[Supplied material — start]
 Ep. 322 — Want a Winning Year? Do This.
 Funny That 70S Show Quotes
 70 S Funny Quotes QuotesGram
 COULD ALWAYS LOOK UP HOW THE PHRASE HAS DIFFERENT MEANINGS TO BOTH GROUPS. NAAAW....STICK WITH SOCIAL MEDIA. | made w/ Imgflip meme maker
[Supplied material — finish]
Exercise:
Transcribe all the material exactly.

Solution:
 Ep. 322 — Want a Winning Year? Do This.
 Funny That 70S Show Quotes
 70 S Funny Quotes QuotesGram
 COULD ALWAYS LOOK UP HOW THE PHRASE HAS DIFFERENT MEANINGS TO BOTH GROUPS. NAAAW....STICK WITH SOCIAL MEDIA. | made w/ Imgflip meme maker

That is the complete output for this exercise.